From the West Oz:
Racist conviction reveals plot
Ryan PedlerThe man who helped Australian Nationalist Movement leader Jack van Tongeren wage a racist terror campaign in the late 1980s was yesterday found guilty of teaming up with him again in 2004 to plot the firebombing of four Chinese restaurants.
A District Court jury deliberated for six hours after a one-week trial before convicting John Anthony Van Blitterswyk. He could be sentenced as soon as this morning.
The end of Van Blitterswyk ’s trial meant suppression orders on reporting van Tongeren’s case were lifted, allowing The West Australian to reveal that he made a dramatic confession to ordering the firebombings and was sentenced to time he had already spent in custody on the condition that he leave WA.
Van Tongeren, 59, and Van Blitterswyk, 55, recruited young ANM members Daniel Tyrone Klavins, Matthew Peter Billing and Ian “Monty” Johnson to firebomb the Man Lin restaurant in Karawara, the Ko-Sing in Lynwood, the Foo-Win in Southlands and a fourth Chinese restaurant to be chosen later.The firebombings were to be conducted as a publicity stunt in mid-2004 in the days before van Tongeren released his book, The ANM Story, and van Tongeren and Van Blitterswyk planned to run for the Senate that year.
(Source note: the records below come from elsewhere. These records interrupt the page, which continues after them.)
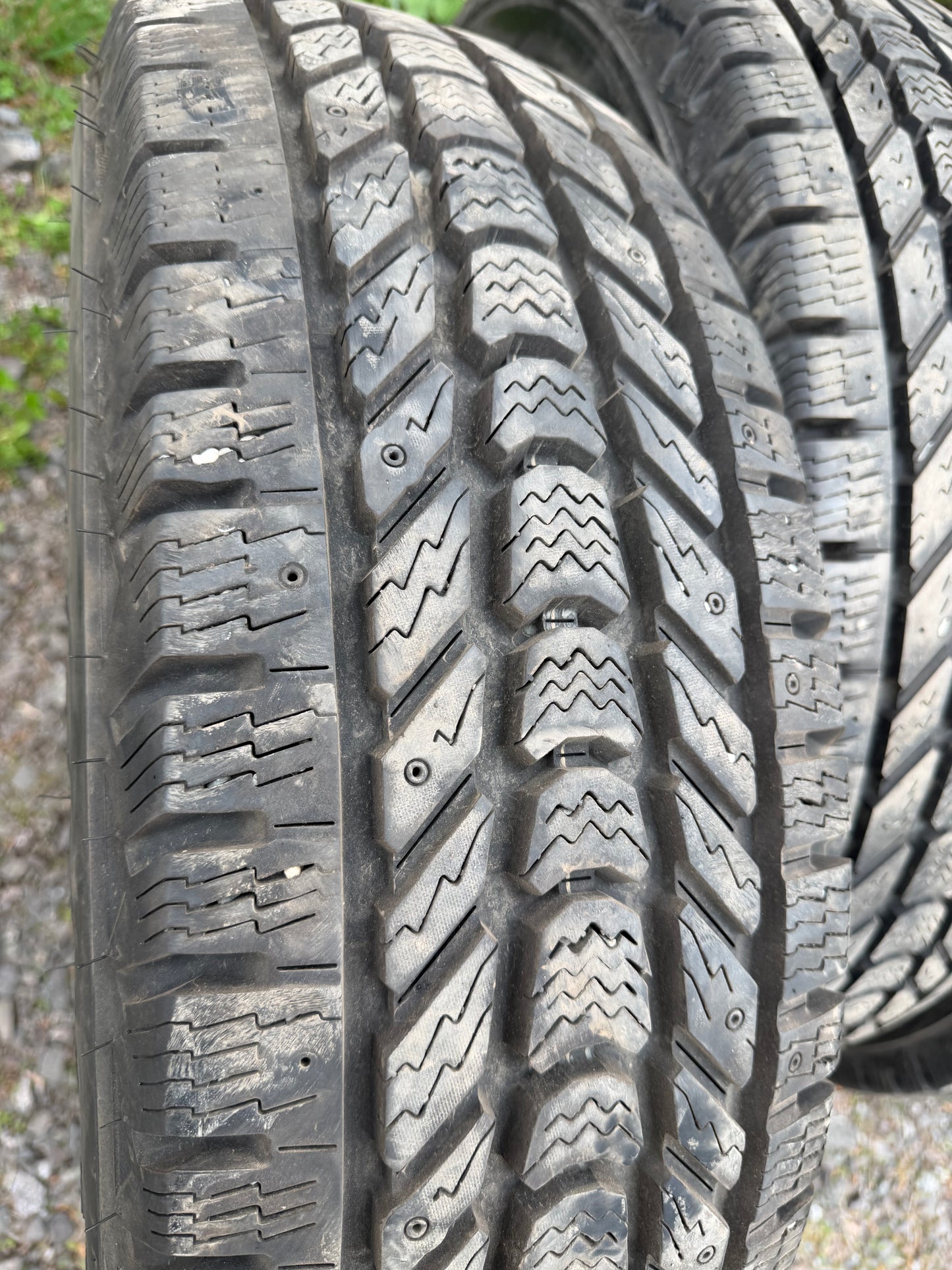 4 pneus d hiver lt 245/75r16 firestone 10 p’ies en très bon état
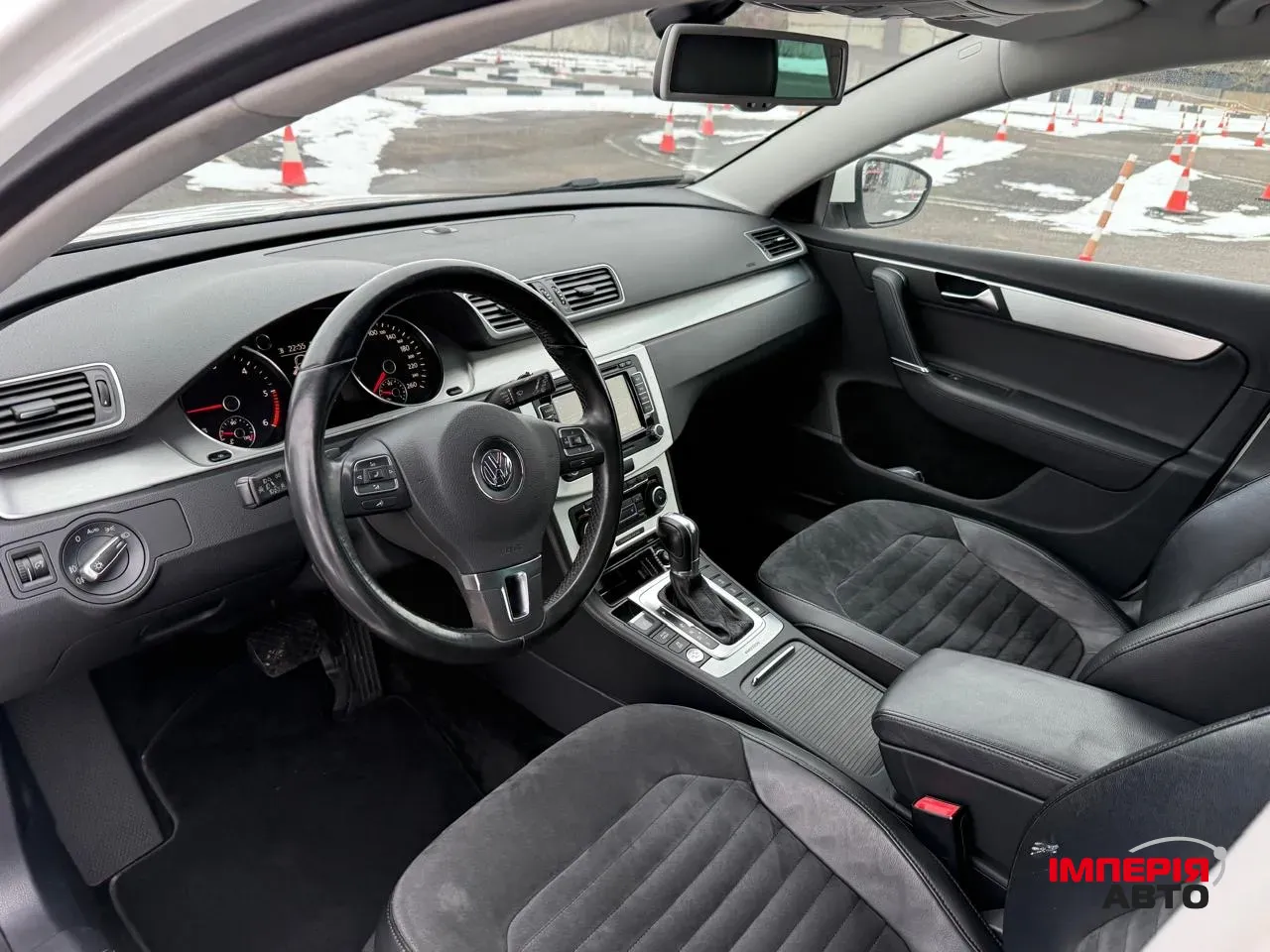 Volkswagen Passat - фото 16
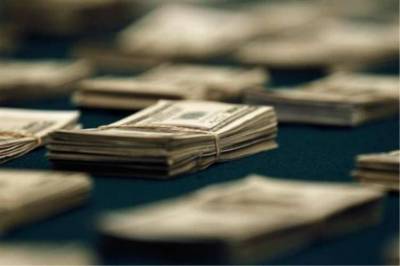 &Kappa;&alpha;&iota; &tau;&omicron; &pi;&alpha;&rho;ό&nu; &nu;&alpha; &mu;&eta;&nu; &kappa;&alpha;&nu;&iota;&beta;&alpha;&lambda;ί&zeta;&epsilon;&iota; &tau;&omicron; &mu;έ&lambda;&lambda;&omicron;&nu;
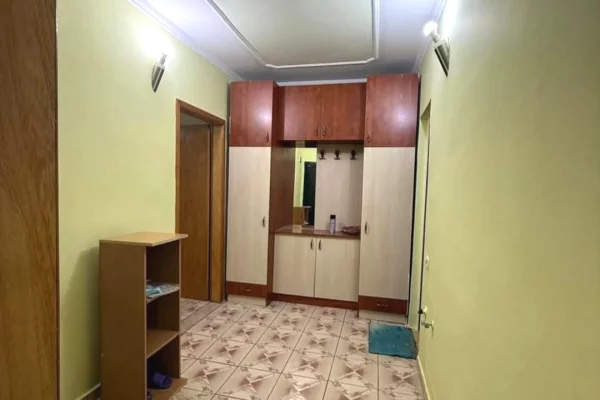 Shtepi ne shitje Apartament ne Tirane, 1+1, Mobilimi E mobiluar, Pagesa 120,000  Euro.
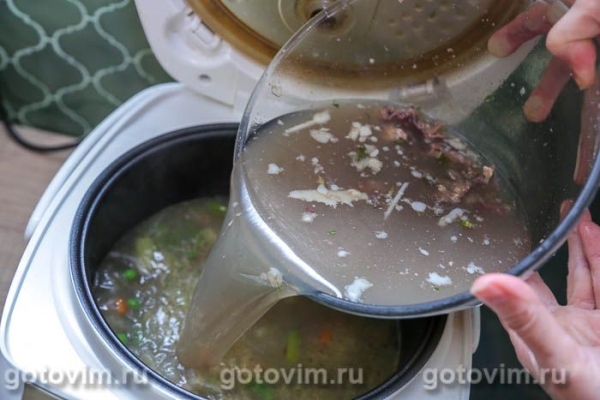 Говяжий суп со спаржей и зелёным горошком в мультиварке Говяжий суп со спаржей и зелёным горошком в мультиварке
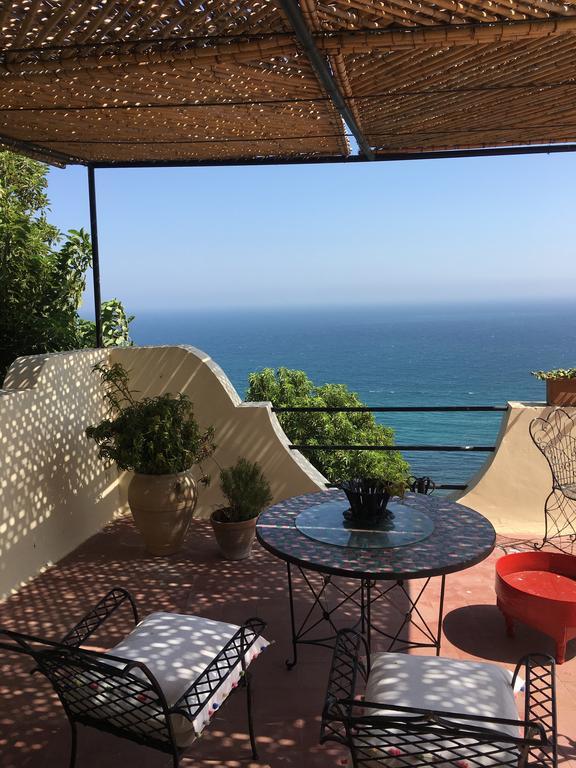 Estudio con vistas al mar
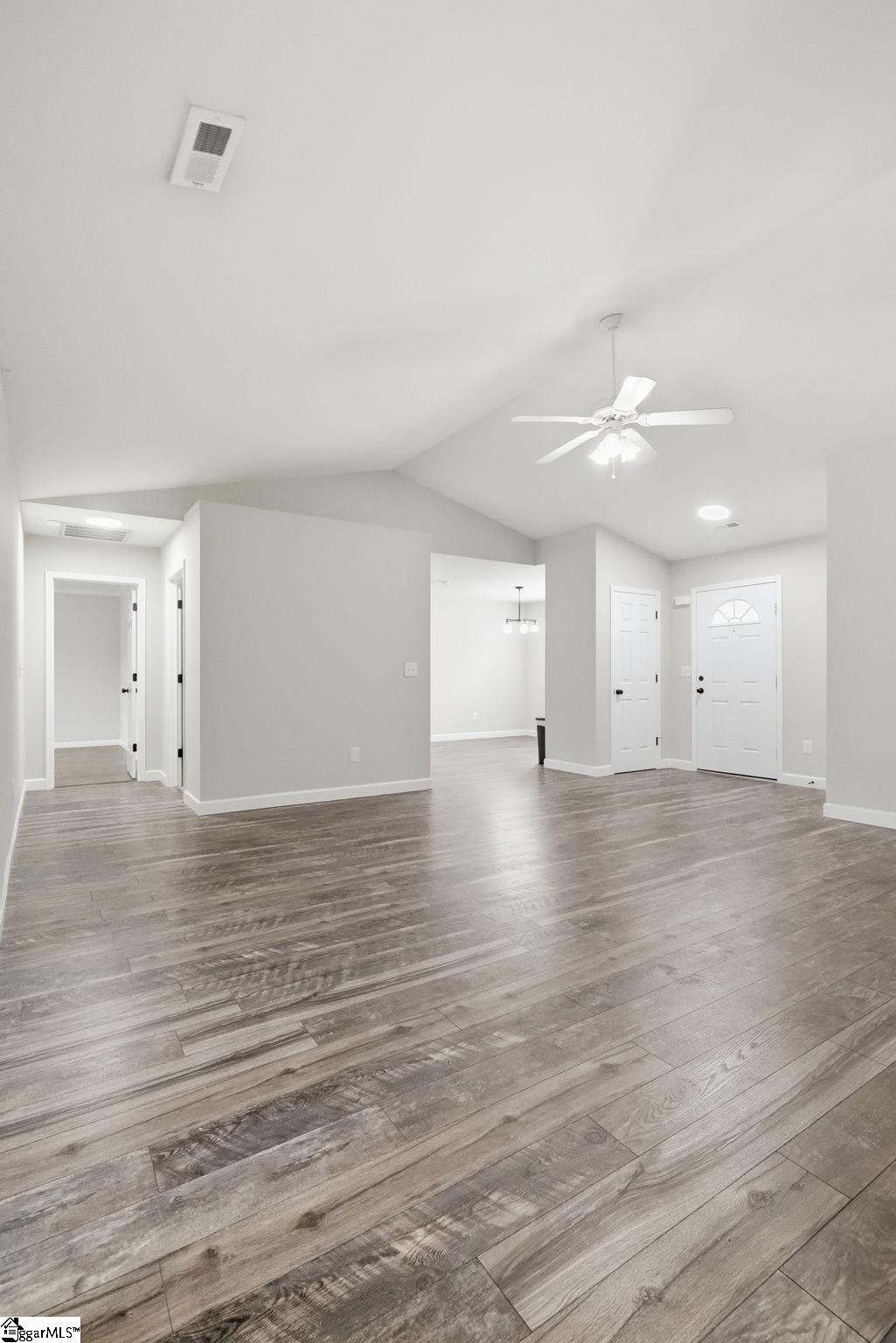 101 Walcott Drive Property Photo 6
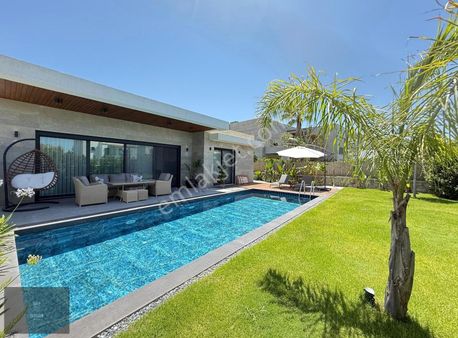 Yalıkavak Merkezde Sıfır Eşyalı Müstakil Havuzlu Kiralık Villa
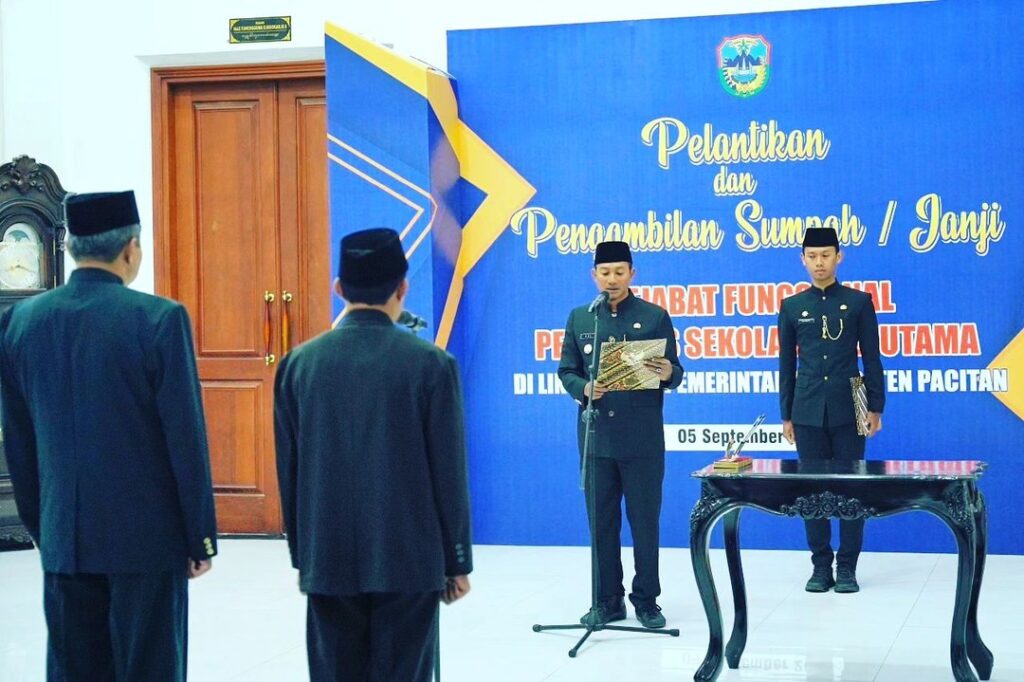 Bupati Pacitan Lantik Dua Pejabat Fungsional Pengawas Sekolah Ahli Utama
It can now be revealed that van Tongeren pleaded guilty to conspiring to firebomb the restaurants in November last year and was released by District Court Chief Judge Antoinette Kennedy, who took into account the two years and one month he had spent in custody awaiting trial.
Judge Kennedy imposed the sentence conditional on van Tongeren leaving WA within seven days and moving interstate to live with family. Van Tongeren’s change of plea came just three weeks after he broke down in court.
Van Tongeren and Van Blitterswyk’s convictions come 17 years after they were jailed in 1990 over an 18-month terror campaign by the ANM in the late 1980s that involved the firebombing of Chinese restaurants, racist posters and a string of burglaries.
Under strict rules governing the admissibility of evidence, details of the men ’s criminal histories were not revealed to the jury at Van Blitterswyk ’s trial.
It was also not revealed to the jury that Billing, an ANM recruit who skipped bail with van Tongeren and spent six weeks on the run, pleaded guilty to being involved in the firebombing conspiracy and conspiring to defeat the course of justice.
Billing was sentenced to 4 years jail, with eligibility for parole after 2 years.
Klavins, the ANM’s former security chief and founder of the racist White Devils group, received a suspended sentence of 2 years after making a confession.
Mr Johnson told the jury that he agreed to be involved but backed out soon after.